Über „offene Proben“ als Akquise-Methode von bereits ausgebildeten Musiker:innen

Mit Praxisbeispiel: Offene Proben der Musikkapelle Haidgau

Offene Proben sind mittlerweile eine beliebte Methode geworden, bereits ausgebildeten Musiker:innen das eigene Blasorchester „schmackhaft“ zu machen. In diesem Beitrag möchte ich Euch das gelungene Beispiel einer offenen Probe der Musikkapelle Haidgau vorstellen und Euch darüber hinaus noch weitere Tipps und Überlegungen mitgeben, wie offene Proben gelingen und erfolgreich werden.

Über die offene Proben der Musikkapelle Haidgau hat deren Dirigent Klaus Wachter drei Fragen beantwortet. Die Antworten zeigen sehr gut, wie eine “offene Probe” erfolgreich durchgeführt werden kann.

Kurz-Interview mit Klaus Wachter von der Musikkapelle Haidgau

Skizziere das Konzept, den Ablauf und das Programm der offenen Probe. Gerne auch die Rahmenbedingungen.

Klaus Wachter
Klaus Wachter

Klaus Wachter: „Das Konzept einer offenen Probe habe ich bei der Musikkapelle Haidgau e.V. bereits des Öfteren ausprobieren dürfen. Dies liegt nicht zuletzt daran, dass gegenüber Neu- oder Wiedereinsteigern in Haidgau immer eine sehr positive Grundhaltung zu beobachten war. Unabhängig vom Herkunftsort waren die Türen also per se geöffnet.

Zunächst einmal halte ich es für unabdingbar, dass das Orchester eine positive Grundeinstellung zu einer offenen Probe hat, nicht zuletzt ist eine solche Musikprobe ja auch eine Angelegenheit, bei der sich das Orchester gegenüber möglicherweise Unbekannten oder Fremden öffnen und diese recht schnell und niederschwellig integrieren muss. Nicht zuletzt müssen die Besucher auch die positive Atmosphäre spüren, damit der „Funke“ überspringt und diese letztlich den Weg ins Orchester finden.

Diese Rahmenbedingungen fand ich bei der Musikkapelle Haidgau stets vor. Eine kritische oder ablehnende Haltung gegenüber potenzieller Neu- oder Wiedereinsteiger war vom Grunde her nicht vorhanden und so konnte der Ablauf und das Programm geplant werden.

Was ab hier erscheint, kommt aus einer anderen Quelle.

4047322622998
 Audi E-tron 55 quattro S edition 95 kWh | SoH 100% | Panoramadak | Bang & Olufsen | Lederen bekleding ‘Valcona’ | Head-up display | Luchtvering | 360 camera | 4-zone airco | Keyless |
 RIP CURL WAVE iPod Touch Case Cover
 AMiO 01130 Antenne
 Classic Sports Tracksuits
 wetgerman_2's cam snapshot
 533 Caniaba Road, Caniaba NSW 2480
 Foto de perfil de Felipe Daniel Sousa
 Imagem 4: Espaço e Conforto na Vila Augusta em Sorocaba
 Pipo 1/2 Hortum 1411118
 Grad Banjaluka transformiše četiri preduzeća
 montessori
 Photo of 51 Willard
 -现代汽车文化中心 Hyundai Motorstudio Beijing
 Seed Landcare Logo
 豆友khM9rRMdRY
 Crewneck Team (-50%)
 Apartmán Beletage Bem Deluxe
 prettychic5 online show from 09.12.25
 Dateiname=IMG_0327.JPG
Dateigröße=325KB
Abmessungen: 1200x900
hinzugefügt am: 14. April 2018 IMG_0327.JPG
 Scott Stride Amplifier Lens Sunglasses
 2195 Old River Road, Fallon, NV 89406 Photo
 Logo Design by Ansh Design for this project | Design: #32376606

Offene Probe Musikkapelle Haidgau

Obwohl wir (glücklicherweise!) ohne Verluste durch die Corona-Zeit gekommen sind, haben wir uns also im Sommer 2021 dazu entschieden, zwei offene Proben anzubieten. Für den Erfolg der offenen Proben war für mich wichtig, diese nicht nur auf einen Termin zu begrenzen, sondern wenigstens zwei Termine anzubieten. Ich finde, so wird den Interessierten eine breitere Möglichkeit geboten, dieses Angebot wahrzunehmen. Da wir Corona-bedingt im Sommer 2021 keine Sommerpause gemacht haben (die Zwangspause war ja lange genug!) planten wir schließlich zwei offene Proben für den 17. und den 24. August. Eine Anmeldung war im Vorfeld nicht notwendig, denn so war auch Platz für einen möglicherweise spontanen Besuch. So konnten wir also jeweils am 17. und am 24. August zwei „Wiedereinsteiger“ begrüßen (Klarinette, Trompete und zwei Mal Schlagwerk). Die Proben selbst waren locker gestaltet, also ohne den Fokus einer Auftritts- oder Konzertvorbereitung, und somit stand ein lockeres und humorvolles Proben im Vordergrund. Wichtig war mir außerdem, dass auch die ganze Bandbreite der Blasmusik (sowohl traditionelle Blasmusik als auch moderne Arrangements bis hin zu den Fäaschtbänklern) abgedeckt wurde. Damit wollte ich gewährleisten, dass die Wieder- und Neueinsteiger nicht gleich mit der „traditionellen Breitseite“ konfrontiert wurden, sondern auch merken konnten, wie vielseitig Blasmusik ist. Nach einer 90-minütigen Probe war anschließend noch ausreichend Platz für den kameradschaftlichen Austausch zwischen den Musikern.“

Welche Ziele wolltet Ihr mit der „offenen Probe“ erreichen und welche Zielgruppe stand dabei bei Euch im Fokus?

Klaus Wachter: „Die gesetzten Ziele waren klar: Gewinnung neuer Musiker! Dabei waren die offenen Proben nicht auf den Einstieg der Jungmusiker konzipiert: Unsere Jungmusiker werden über ein Patenprogramm nach dem erfolgreichen D2 ins Orchester integriert und steigen in der Regel nach der Sommerpause in die Konzertphase ein. Die offenen Proben waren hier jedoch speziell auf bereits ausgebildete Instrumentalisten ausgerichtet, welche schon ein Instrument beherrschen (oder beherrschten und entsprechend „wiedereinsteigen“ wollten). So war also auch zu beobachten, dass diese vier oben genannten Musiker auch gleich (mehr oder weniger) vollwertig mitspielen konnten, da diese natürlich ihr Instrument entsprechend beherrschten.“

Wie kam die „offene Probe“ an, wie haben Eure Besucher:innen reagiert und welche Ergebnisse habt Ihr damit erzielt?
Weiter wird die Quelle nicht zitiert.